Funeral home shut down after maggots, other violations found
DETROIT (AP) — A Michigan funeral home has been shut down after inspections found maggots on the floor of a garage where unrefrigerated bodies were being stored, according to the state.
The mortuary science licenses of the Swanson Funeral Home in Flint and manager O’Neil Swanson II are suspended, Michigan’s Licensing and Regulatory Affairs department said Wednesday.
Numerous complaints led to investigations that determined the funeral home smelled of decomposing bodies and the garage where bodies were stored was not air-conditioned. Some of the bodies were in the garage up to five months, the state said.

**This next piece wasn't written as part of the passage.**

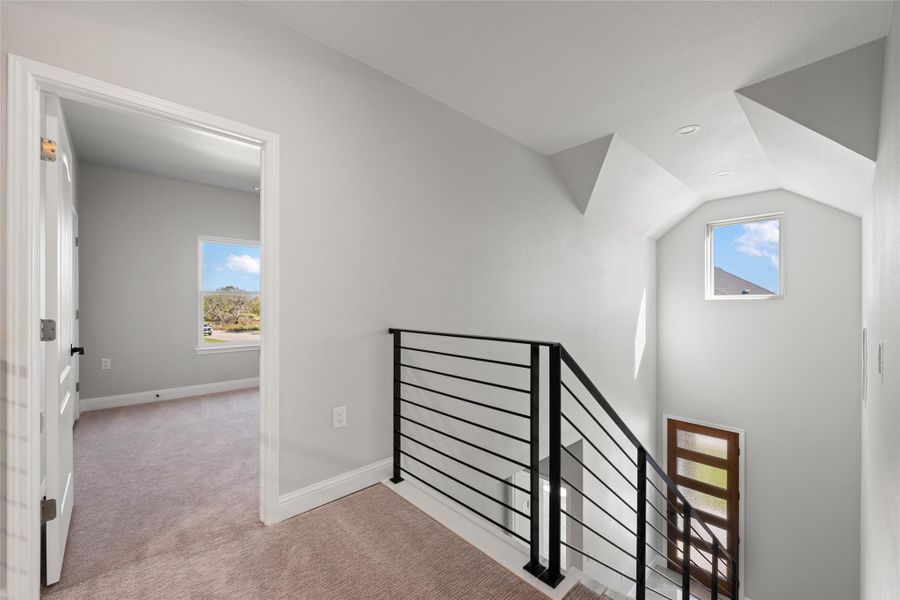 Hallway featuring an upstairs landing, plenty of natural light, light colored carpet, vaulted ceiling, and recessed lighting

“Michigan residents trust funeral home directors, owners, and their establishments to follow the law especially when dealing with the death of a loved one,” said Julia Dale, director of Licensing and Regulatory Affairs corporations, securities & commercial licensing bureau.
The Associated Press left a phone message and email Wednesday seeking comment from the funeral home.
Swanson Funeral Home operates prominent facilities in Detroit. A woman who answered the phone Wednesday at one of the Detroit facilities said they were not affiliated with the Flint funeral home.
The license for the Flint facility is held by Swanson’s Funeral Home, Inc., which is an assumed name of Swanson Group (Flint), Inc., and a separate legal entity and license from any facility in Detroit, said Jason Moon, spokesman for the Department of Licensing and Regulatory Affairs.
The Flint funeral home could be subject to fines by the state.
A formal complaint filed this week by the state Attorney General’s office includes:
— An unannounced inspection in May found five bodies in cardboard cremation containers that had been at the funeral home for more than 72 hours. One of the bodies had been there close to a month. Only one was embalmed.
— A September 2016 inspection found the preparation room was “unsanitary” and “the hand wash sink contained what appeared to be dried blood, hair and pieces of tissue.” Ten bodies also were being stored in cardboard cremation containers in the garage for more than 72 hours. Only one of the bodies had been embalmed. One of the bodies that had not been embalmed was in the garage for about six weeks.
— Remains of two unrefrigerated bodies were found in October 2015 in the funeral home’s garage. The remains were in cardboard cremation containers, stacked atop one another against a back wall. The bodies were of people who had died in 2014.
— A May 2, 2012 complaint to the Michigan Occupational Health and Safety Administration alleged that employees at the funeral home worked without protective gear and were exposed to bodily fluids of the deceased.